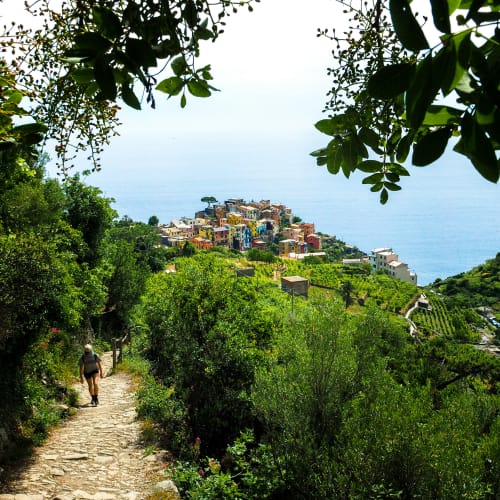 A person hiking down a stone path surrounded by lush greenery with a view of colorful houses on a cliff overlooking the sea in Cinque Terre, Italy.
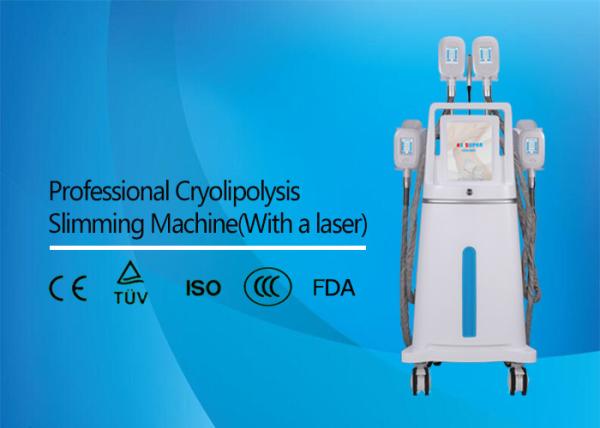 4 Cryo Handles Body Slimming Machine , Vertical Type Weight Reduction Equipment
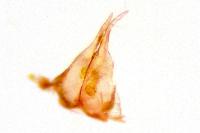 Capperia hellenica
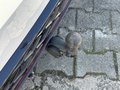 Ansicht Anhängerkupplung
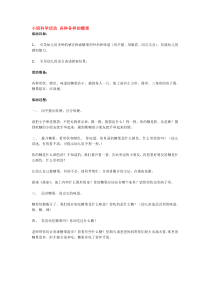 小班科学活动各种各样的糖果市示范幼儿园小班科学教案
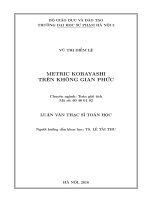 Metric kobayashi trên không gian phức (LV01871)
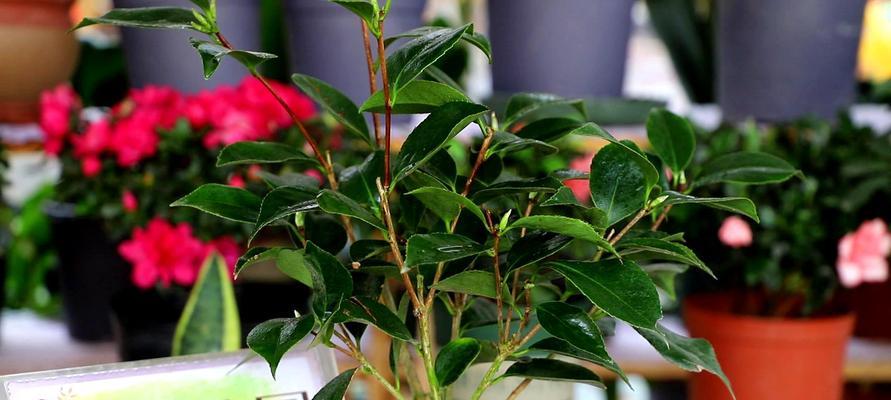 隔夜茶不仅可以喝，还可以浇花（探秘隔夜茶对花卉的益处与使用技巧）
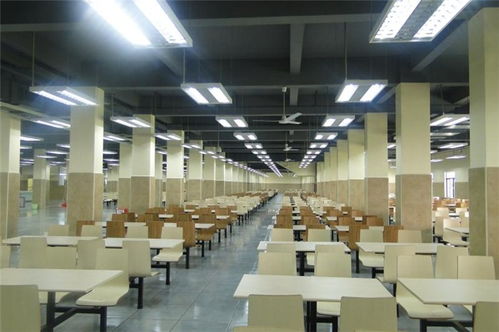 禅城专业工厂食堂承包 一站式信息咨询服务，助力企业高效餐饮管理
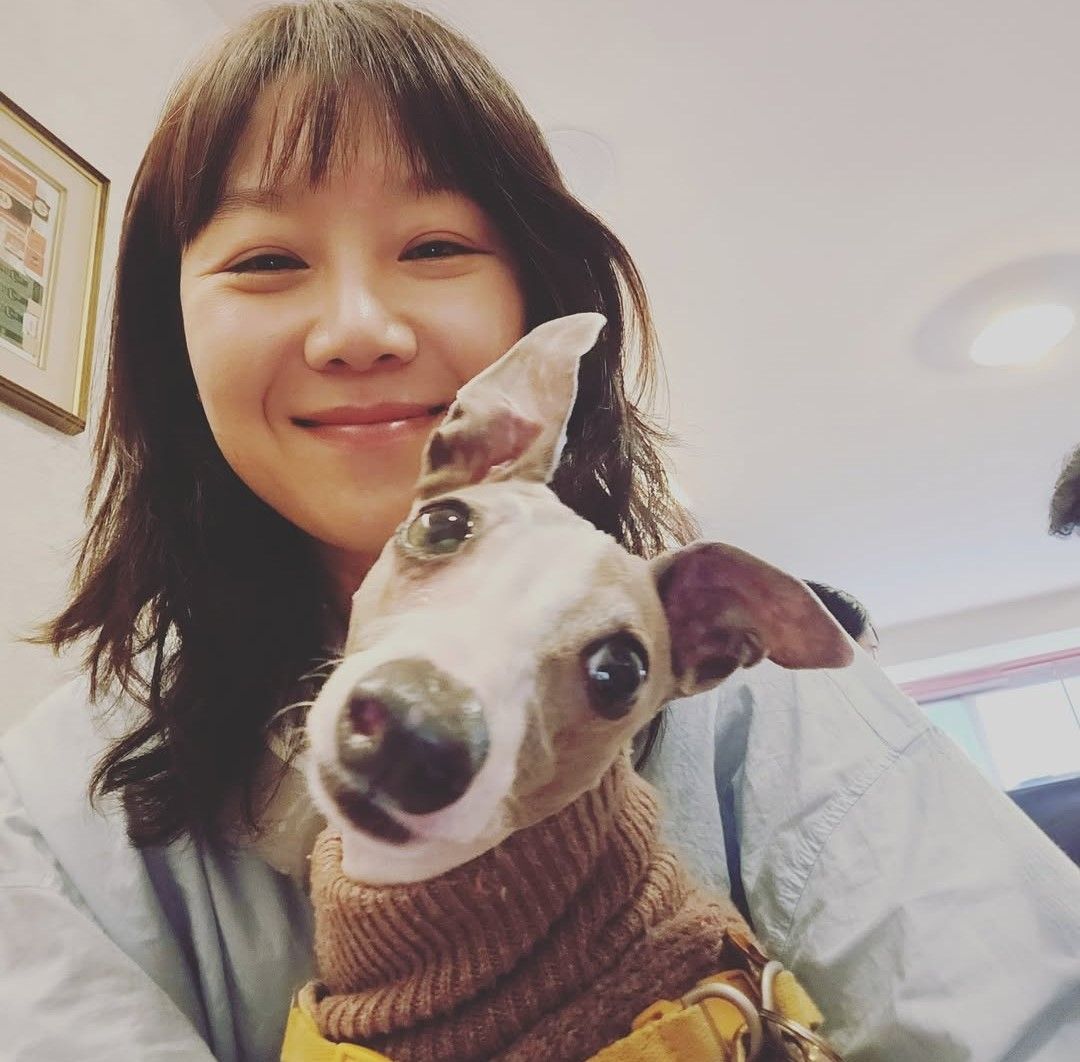 인스타그램 @rovvxhyo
■ ■ ■ ■
REQUIRED ACTION:
Each line of the material goes into your copy unchanged, but no picture does.

SOLVED EXERCISE:
 A person hiking down a stone path surrounded by lush greenery with a view of colorful houses on a cliff overlooking the sea in Cinque Terre, Italy.
 4 Cryo Handles Body Slimming Machine , Vertical Type Weight Reduction Equipment
 Capperia hellenica
 Ansicht Anhängerkupplung
 小班科学活动各种各样的糖果市示范幼儿园小班科学教案
 Metric kobayashi trên không gian phức (LV01871)
 隔夜茶不仅可以喝，还可以浇花（探秘隔夜茶对花卉的益处与使用技巧）
 禅城专业工厂食堂承包 一站式信息咨询服务，助力企业高效餐饮管理
 인스타그램 @rovvxhyo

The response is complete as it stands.